Director – Jenn Wexler, Screenplay – Sean Redlitz & Jenn Wexler, Producers – Heather Buckley, Philip Kalin-Hajdu, Albert I. Melamed, Todd Slater & Jenn Wexler, Photography – Alexandre Bussiere, Music – Mario Sevigny, Visual Effects Supervisor – Francois Bordez, Visual Effects – Real by Fake, Special Effects – Blood Brothers FX, Special Effects Supervisor – Carlo Harrietha, Makeup Effects – Morot FX Studio Inc. (Designer – Adrien Morot), Production Design – Ted Samuels. Production Company – Blackvale Films Inc.
Just on Christmas of 1971, Samantha Kramer, a student at the Blackvale School for Girls, receives news from her stepfather that she will have to stay behind at the school for the holidays. Samantha prepares to settle in, along with the teacher Miss Tanner and one other pupil Clara. At the same time, a quartet of people who have been nicknamed the Christmas Killers conduct a trail of murders across the countryside. With one of the group Doug is wounded by a state trooper’s bullet, they stop at the school and demand that Miss Tanner patch him up. They then turn aggressive, taking everybody prisoner. It is revealed that Maisie has led the group back to Blackvale in order to conduct a ritual she found when she was a pupil there that will raise a demon and grant them unlimited power.
The Sacrifice Game was the second directorial outing of Jenn Wexler. Jenn (sometimes credited as Jennifer) Wexler rose up through the ranks at Larry Fessenden’s Glass Eye Pix and was producer on Fessenden’s directorial outings Beneath (2013), the N is for Nexus segment of ABCs of Death 2 (2014) and Depraved (2019), as well as other Glass Eye Pix films like Darling (2015), Like Me (2017), Most Beautiful Island (2017) and Psychopaths (2017). She made her debut as director and writer with The Ranger (2018), a darkly funny slasher film about a psycho park ranger.
As it starts, The Sacrifice Game has suggestions of all manner of other films to it. The girls left alone in a boarding school as the Christmas holidays set in and danger lurks suggests something of the quintessential Christmas horror Black Christmas (1974). The quartet of sadistic criminals prowling the countryside on a rampage of sadism and casual murder, as well as the 1971 setting, reminds a good deal of The Last House on the Left (1972).

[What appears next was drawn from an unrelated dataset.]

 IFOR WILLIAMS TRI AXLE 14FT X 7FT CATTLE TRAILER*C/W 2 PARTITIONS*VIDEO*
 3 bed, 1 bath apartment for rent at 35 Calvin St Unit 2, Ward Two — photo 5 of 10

However, having raised these, Jenn Wexler then proceeds to subvert expectations. The film creates the anticipation that it is heading along the lines of a Home Invasion story but it never does much to follow up on this – there is an unnerving Christmas dinner sequence with the foursome torturing the imprisoned girls, which has a shocking end to it when a proposal abruptly ends with a slit throat. But there is little in the way of the standard stuff of the Home Invasion film with people trying to escape, being pursued through the school and so on. Nor does the film quite end up being the Christmas horror it gives the impression it is – it is a horror film and it is set on Christmas but that is it.

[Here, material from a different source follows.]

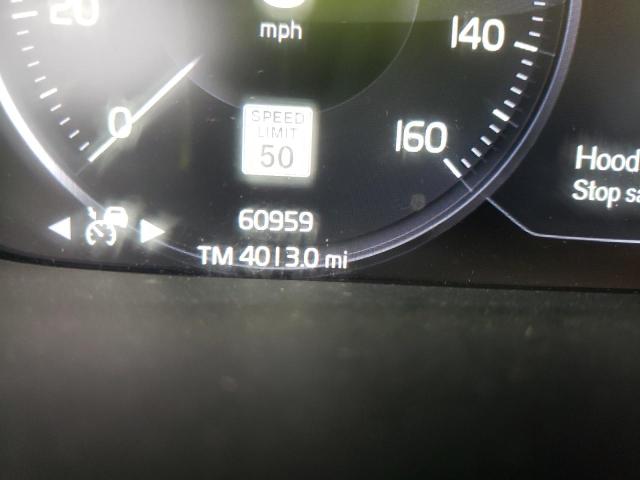 Photo 8 from auction – 2019 VOLVO XC40 T5 MO with VIN YV4162XZ2K2007748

The Christmas Killers – (l to r) Laurent Pitre, Mena Massoud and Olivia Scott WelchThe imprisoned girls – (l to r) Georgia Acken, Madison Baines and Chloe Levine
About halfway through, The Sacrifice Game takes a left field turn from anything you expect it is going to be and becomes a film about Occult rites and raising a demon. Here things are not what you expect them to be at the outset either and the film takes some twists (although some of these are fairly easy to predict) and the entire Home Invasion in a school that we expect the film to be at the outset is turned inside out. [PLOT SPOILERS] It ends up being the invaders who have the tables turned on them in quite a sting ending that inverts the earlier Christmas dinner.
Jenn Wexler has a solid cast. I am more and more impressed with Chloe Levine with everything I see her in – she was previously the lead in Jenn Wexler’s The Ranger. She has a filler role here, the adult among the children at the school that could have been played by anybody, but gives these scenes an emotional core – is a jolt and a loss to the film when she leaves the scene in the middle of the film.
On the other hand, I failed to quite buy Mena Massoud – unrecognisable from his turn as the live-action Disney Aladdin (2019) – as the equivalent of David Hess from The Last House on the Left – he is more like an off-duty backup dancer taking the opportunity to play to the gallery but lacking any character believability beneath the surface of that. Georgia Acken shines during the latter third of the film but to say more would be to spoil surprises.